In Orly, an airport that she knows well, Sharon reattaches her suitcase to the wheels with their rubber cords and hops on the train to Paris. She is supposed to make her way with no delay to Gare Saint-Lazare for the northbound train to Cherbourg. Danny is expecting her by this evening. She is looking forward to life among the members of the small Israeli community—even to the changing cast of characters of the reservists. And to seeing him.

Yet when she enters the city, instead of heading to Gare Saint-Lazare, she rides the Métro to Gare d’Austerlitz, where trains leave for points southwest, including the Loire Valley.

What is she doing? she asks herself. Last month, Danny urged her to return immediately, but she had to wait for Aunt Dvora to stop bickering over possessions, for Savta’s apartment to be sold, and for the lawyers to divide the proceeds. Uncle Pinchas invested Sharon’s share in a fund that would provide her with some income. She no longer has a home. She broke up with Tomer, and last night stayed at the Golans’.

She spent a sleepless night in the bedroom where she and Alon had passed so many hours laughing, making love, and listening to Elvis Presley and a new group called the Beatles. The four framed botany posters she had bought for him at a used-book store still hung on the wall.
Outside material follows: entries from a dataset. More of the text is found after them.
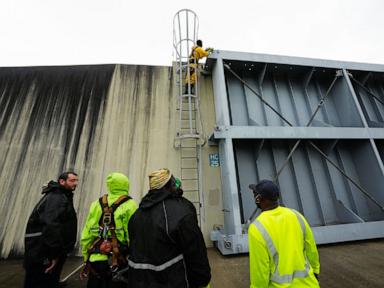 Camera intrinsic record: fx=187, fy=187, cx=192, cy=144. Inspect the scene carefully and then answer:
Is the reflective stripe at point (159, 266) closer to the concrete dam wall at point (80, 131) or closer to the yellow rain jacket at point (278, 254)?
the yellow rain jacket at point (278, 254)

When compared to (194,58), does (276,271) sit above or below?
below

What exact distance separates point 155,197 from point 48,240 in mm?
1547

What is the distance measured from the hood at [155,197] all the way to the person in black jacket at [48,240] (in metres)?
1.38

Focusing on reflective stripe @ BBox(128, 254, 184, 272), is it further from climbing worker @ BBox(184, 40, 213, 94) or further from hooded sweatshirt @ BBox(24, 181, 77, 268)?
climbing worker @ BBox(184, 40, 213, 94)

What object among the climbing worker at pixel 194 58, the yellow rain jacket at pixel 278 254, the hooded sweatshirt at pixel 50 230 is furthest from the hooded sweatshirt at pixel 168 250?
the climbing worker at pixel 194 58

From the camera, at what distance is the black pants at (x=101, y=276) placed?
6.12ft

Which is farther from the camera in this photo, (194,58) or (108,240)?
(194,58)

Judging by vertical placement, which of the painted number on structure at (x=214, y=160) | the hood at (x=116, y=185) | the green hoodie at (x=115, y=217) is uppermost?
the painted number on structure at (x=214, y=160)

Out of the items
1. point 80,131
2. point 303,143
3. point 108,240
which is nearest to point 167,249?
point 108,240

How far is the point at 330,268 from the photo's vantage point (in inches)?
120

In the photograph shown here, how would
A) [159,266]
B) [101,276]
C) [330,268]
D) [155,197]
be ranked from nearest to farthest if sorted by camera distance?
[159,266], [155,197], [101,276], [330,268]

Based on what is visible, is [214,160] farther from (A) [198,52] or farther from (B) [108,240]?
(B) [108,240]

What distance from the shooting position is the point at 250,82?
5.75 meters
How excited Alon had been about this present! Lying on the mattress that still held the imprint of his body, Sharon cried as she recalled their early tentative forays into the hidden landscapes of each other’s bodies. Kissing for hours had left their lips sore. They had no idea how to proceed until they got hold of an instruction book and studied it as if it were a school assignment, albeit an exhilarating one. In the following months and years, growing together deepened their love. Would she ever find that security in another man’s arms?

Alon would remain forever young, his life experiences never fully formed, while she, since his death, has continued to grow in unexpected directions. Danny had seen her potential and challenged her. His condolence phone call had left her curious as to what he had in store for her, but she wanted to prove to him that his continuing trust in her was well placed.